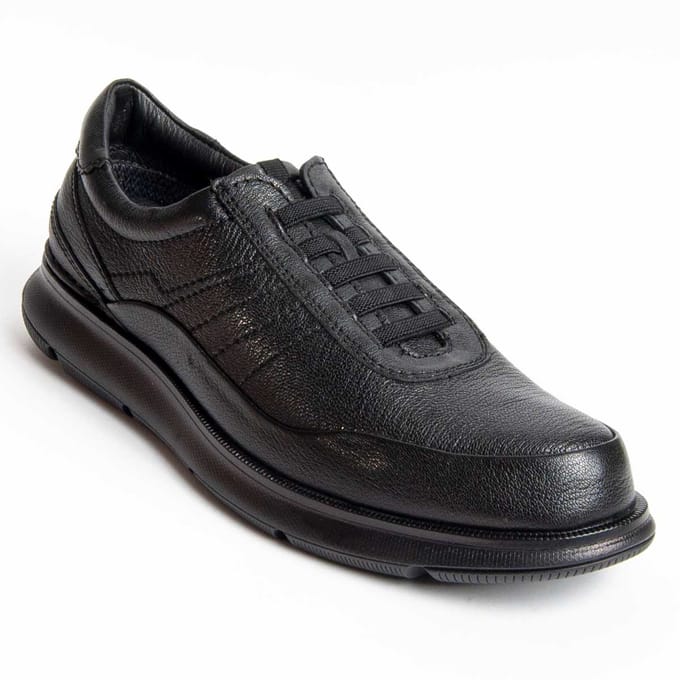 Purapiel Oxford schoen Confore7 Zwart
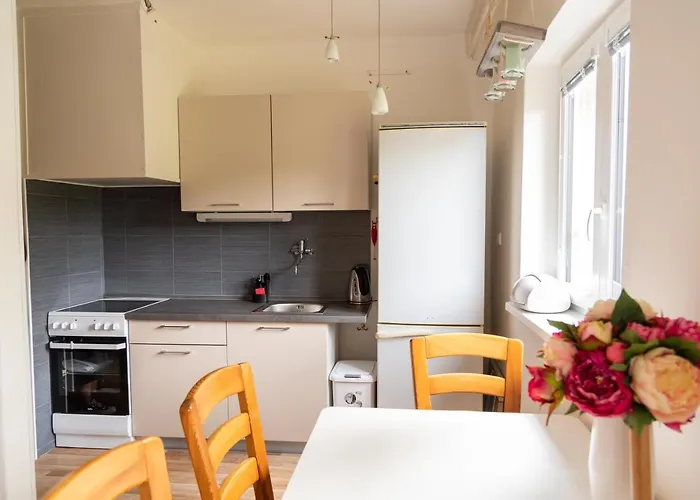 דירה Apartman Fraise *
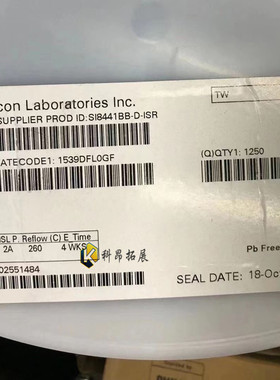 SI8441BB-D-ISR SOP16 数字隔离器芯片 全新原装 BOM配单 可开票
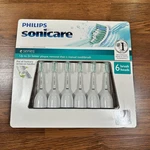 Philips Sonicare HX7026/40 E-series Replacement Brush Heads (6-PACK) New Sealed. Fixed Price $49.99.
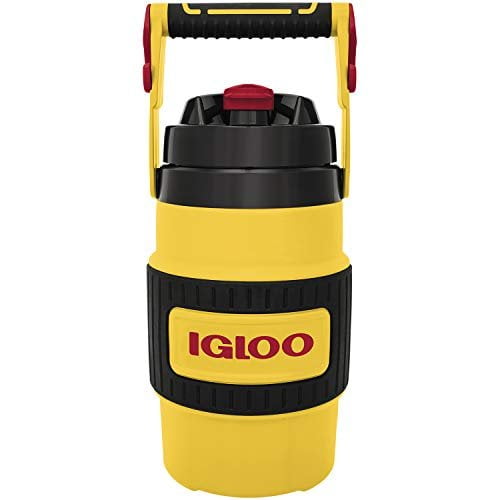 Igloo Corp 31008 Industrial Jug 80Oz, Yellow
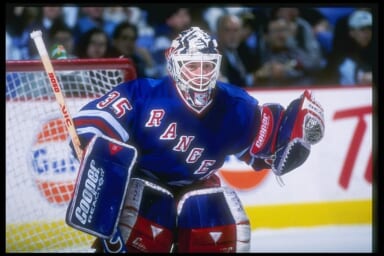 New York Rangers, Mike Richter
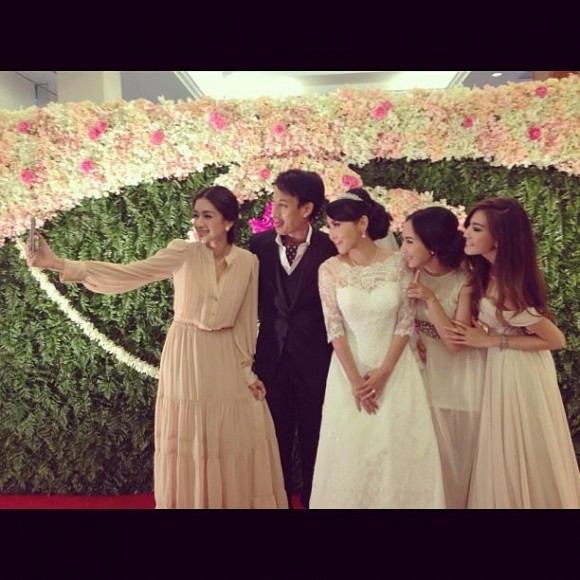 งานวิวาห์ พล พูลภัทร พระเอกช่อง 7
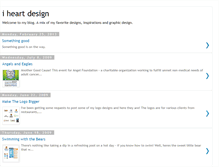 Tablet Screenshot of i-heartdesign.blogspot.com
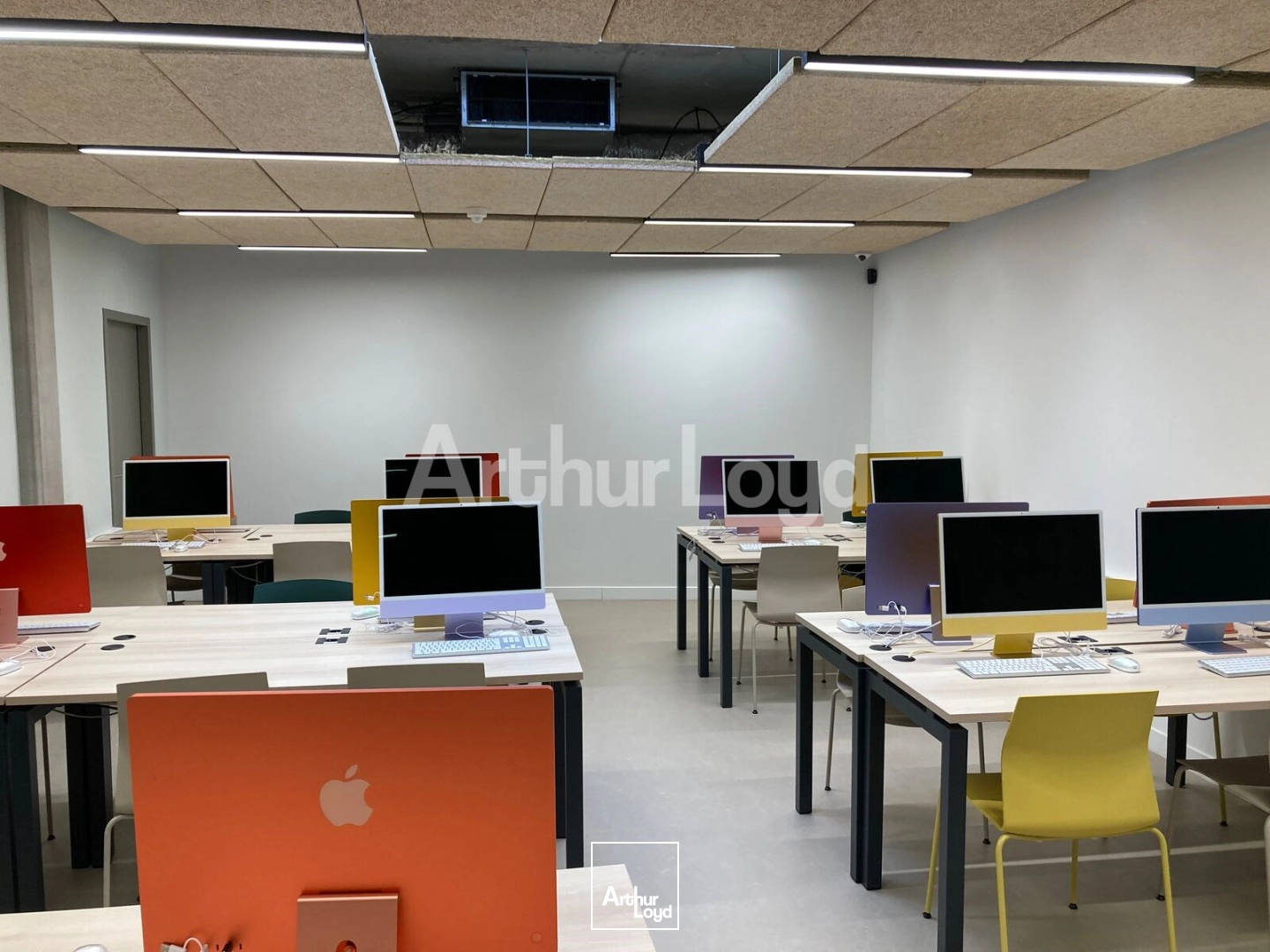 Bureaux - Location - VILLENEUVE D'ASCQ - 59650 - 1326-1326 - 7853567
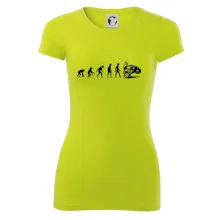 Evolúcia quad štvorkolka Evolúcia quad štvorkolka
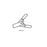 Conmed Bend-A-Beam Malleable ABC 9" Surgical Hand Piece - Pulmonary Biopsy Forceps, Oval Cup - 100502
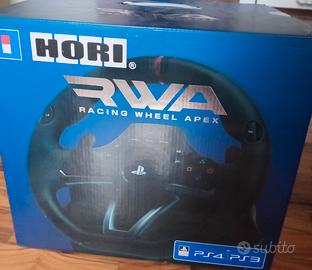 Hori Volante Rwa Racing Whee Apex (Ps4/Ps3/Pc) - U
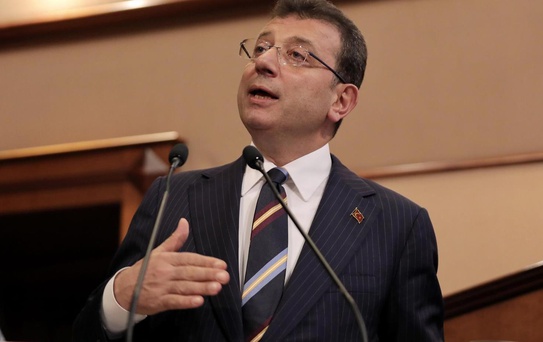 Belediyede rüşvet kavgası! Bağrışmaları duyan İmamoğlu da odasından çıkıp gelmiş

◆ ◆ ◆ ◆ ◆

TASK STATEMENT: With the images omitted, repeat all the data word for word.

THE COMPLETED TASK:
 Purapiel Oxford schoen Confore7 Zwart
 דירה Apartman Fraise *
 SI8441BB-D-ISR SOP16 数字隔离器芯片 全新原装 BOM配单 可开票
 Philips Sonicare HX7026/40 E-series Replacement Brush Heads (6-PACK) New Sealed. Fixed Price $49.99.
 Igloo Corp 31008 Industrial Jug 80Oz, Yellow
 New York Rangers, Mike Richter
 งานวิวาห์ พล พูลภัทร พระเอกช่อง 7
 Tablet Screenshot of i-heartdesign.blogspot.com
 Bureaux - Location - VILLENEUVE D'ASCQ - 59650 - 1326-1326 - 7853567
 Evolúcia quad štvorkolka Evolúcia quad štvorkolka
 Conmed Bend-A-Beam Malleable ABC 9" Surgical Hand Piece - Pulmonary Biopsy Forceps, Oval Cup - 100502
 Hori Volante Rwa Racing Whee Apex (Ps4/Ps3/Pc) - U
 Belediyede rüşvet kavgası! Bağrışmaları duyan İmamoğlu da odasından çıkıp gelmiş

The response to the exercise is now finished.